Diario de Londres VII – Amados monstruos inmobiliarios (2)

Una de las grandes cualidades que se exigen tanto a los humoristas como a los timadores, jugadores o, en general, artistas del engaño es la contención: mantener un semblante recto, seco y sobre todo no forzado, mientras se narra un chiste o se despluma a un inocente, es una cualidad que por sí misma delata un oficio.

Esta mañana, mientras recorríamos el mundo a través de los ojos de Londres (las ruidosos mercadillos de Elephant&Castle, las sórdidas Docklands bengalíes u la estúpida Oxford Street, conocida como la M30 londinense por las taladradoras que la percuten todo el día) un individuo nos ha enseñado lo que sería, previo pago, nuestra habitación. El caso es que no era una habitación: era el salón. Ante la posibilidad de que un lapsus hubiera asaltado a mi futuro compañero – pues en el living tan solo había un sofá desvencijado, forrado con mugre- le pregunté si aquella iba a ser nuestra habitación, y me quedé a mitad de frase, porque descorrió una sábana que parecía cubrir un armario y mostró la cama doble. No sonrió un instante y a mí me sorprendió este detalle, porque afeaba el número: si hubiera dicho ¡tachán! justo después de correr la improvisada cortina, me caigo redondo al suelo.

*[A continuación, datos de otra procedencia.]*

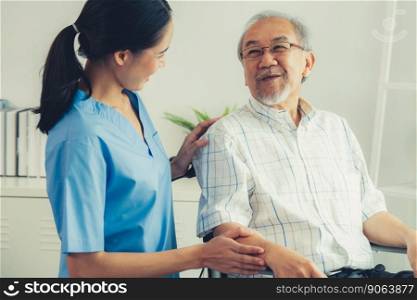 Happy positive asian nurse giving support and touching contented senior man with love. Nursing home for the elderly, elderly health and illness, senior patient carer.. Happy positive asian nurse giving support and touching contented senior man.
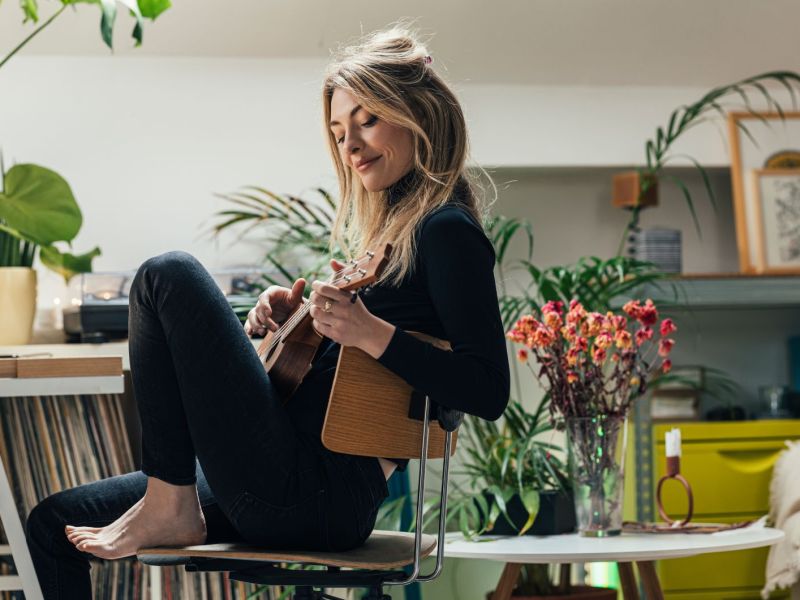 Frau spielt Ukulele in üppig dekorierter Wohnung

Hace un par de días nos abrió una rusa: ella misma había alquilado el piso, de tres habitaciones, cada habitación (estrechas como un barquito dentro de una botella) venía a salir por 800 libras. Pero lo más curioso del asunto no era que se tratara de mantener con nuestro caudal a la estudiante rusa, sino cómo recibía a los inquilinos: debían ser en su mayoría hombres, de ahí el vestido ceñido, recortado por encima de las rodillas, escote ligerito, dejando al aire unas lolas de las que, humanamente, era imposible despegar la nariz. En el momento de recibirnos «estaba estudiando estadística» de esta guisa, fresca, satinada, muy eslava. La habitación grande ya había sido reservada de inmediato por un soltero que la había visitado minutos antes que nosotros.

Lo mejor de Londres y de la estomagante contención de sus modos, es que uno no sabe si visita una habitación o una obra de arte. No faltan críticos que adviertan de la gran farsa de la que vive el arte moderno, que el chito se va a acabar de un momento a otro y que van a acabar todos en el paro. Al superávit de críticos más corrosivos podrían inventarles nuevas profesiones: críticos inmobiliarios. Un tipo nos ofrece una habitación en Oxford Street. En el anuncio son 200 libras a la semana, de repente se han convertido en 250 libras. La culpa la tiene la nueva arquitectura minimalista: lo chic, en Londres, es que la habitación no sea habitación. Aquí no había cama-sorpresa detrás de una cortina, ni sugerentes rusas que bailan la lengua tras los carrillos: no había nada, bueno sí, había un tipo encima de una mesa. En concreto había cuatro: tres serraban, claveteaban y lijaban listones y un tercero descansaba encima de un mueble del mismo material. Los cuatro me miraban como animales nocturnos deslumbrados por los faros de un automóvil, los cuatro formaban parte de una performance a 250 libras la sesión semanal, con baños ocupados, camas deshechas y ventanas tapiadas. Y este tipo no se reía.

Un tipo duerme encima de mi mesa. Si lo meto en formol, me hago de oro.